Recall again the ``official definition'' of n!:
0! == 1
n! == (n-1)! * n, for n > 0
Here is the deduction that fac meets its
stated pre- and postconditions:
===================================================
def fact(n) :
{ pre n >= 0
post ans == mult(n)
return ans
}
if n == 0 :
ans = 1
{ 1. ans == 1 premise
2. n == 0 premise
3. ans == 0! definition of 0! == 1
4. ans == n! subst 2 3
}
else :
{ 1. ¬(n == 0) premise
2. n > 0 premise
3. n - 1 >= 0 algebra 1 2 # this proves prefac
}
sub = fact(n-1)
{ 1. sub == (n-1)! premise } # postfac
ans = sub * n
{ 1. ans == sub * n premise
2. sub == (n-1)! premise
3. ans == (n-1)! * n subst 2 1
4. ans == n! definition of n! == (n-1)! * n
}
{ 1. ans == n! premise }
}
return ans
===================================================
We did it! By guessing a useful pre- and postcondition, we proved
that the coding of fact that calls itself establishes the
pre- and postconditions.
Here is a sample call of the end result:
===================================================
{ 200 >= 0, that is [200/n]prefact }
x = fact(200)
{ [x/ans][200/n]postfact, that is, x == 200! }
===================================================
In the next chapter, we will see a strong connection between
a function's self-call and a loop --- in both cases, the construct
reuses its very own
``pre-post-condition'' when repeating itself.
def f(x):
{ pre Qx (that is, assertion Q mentions x)

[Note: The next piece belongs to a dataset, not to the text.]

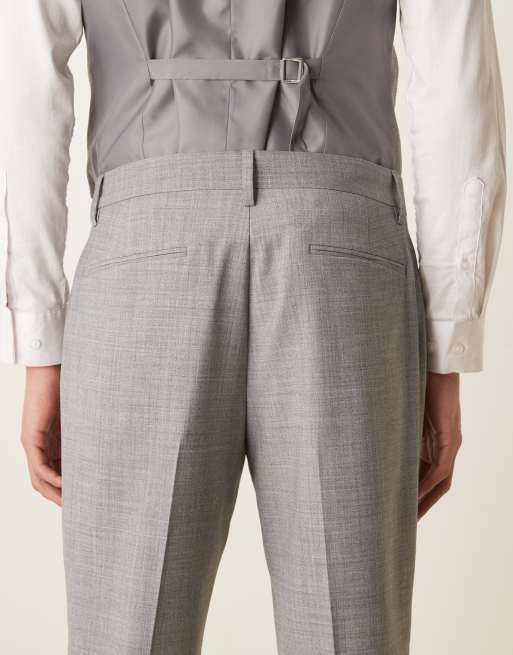 ASOS DESIGN wool mix slim suit pants in grey marl, 5 of 5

post Rans,x (that is, assertion R mentions ans and x)
return ans (the name of the answer variable)
}
BODY # does not assign to x
return ans
We say that fpre is Qx and
fpost is Rans,x.
Here is the schematic for a correct call of the function.
{ ... [e/x]fpre }
y = f(e) # y does not appear in e
{ 1. [y/ans][e/x]fpost premise
2.[yold/y]P premise
...
}
g = ... # the global variable
{ globalinv Ig } # must be proved true here
def f(x):
{ pre Qx,g (that is, assertion Q mentions x and g)

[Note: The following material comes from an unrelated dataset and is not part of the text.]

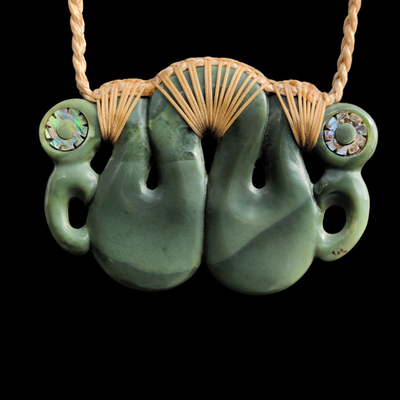 Pekapeka Inanga- Greenstone Bat Pendant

post Rans,x,g (that is, R mentions ans, x, and g)
return ans
}
global g # g can be updated by f
{ 1. Qx,g premise
2. Ig premise
...
} # pre and global invariant hold true on entry
BODY # does not assign to x but may assign to g
{ ... Rans,x,g ∧ Ig } # we must prove post and Ig on exit
return ans
For the function's invocation,
we deduce P ∧ [e/x]pref to get three facts as a result:
{ ... P ∧ [e/x]pref, that is, Qe,g }
y = f(e) # y and g do not appear in e, and y and g are distinct names
{ 1. [y/ans][e/x]postf , that is, Ry,e,g
2. [yold/y][gold/g]P
3. Ig
...
}
Further, provided that all assignments to global variable g occur
only within functions that preserve its Ig, we can always assert
Ig as needed in the main program.
def f(x):
{ pre Qx
post Rans,x
return ans
}
if a call to f is meant to achieve a goal, G, we reason
backwards from G to its subgoal like this:
{ subgoal: [e/x]pref ∧ ([e/x][y/ans]postf —> G) }
y = f(e) # y does not appear in argument e
{ goal: G }
It is a good exercise to extend this backwards law to procedures. Try it.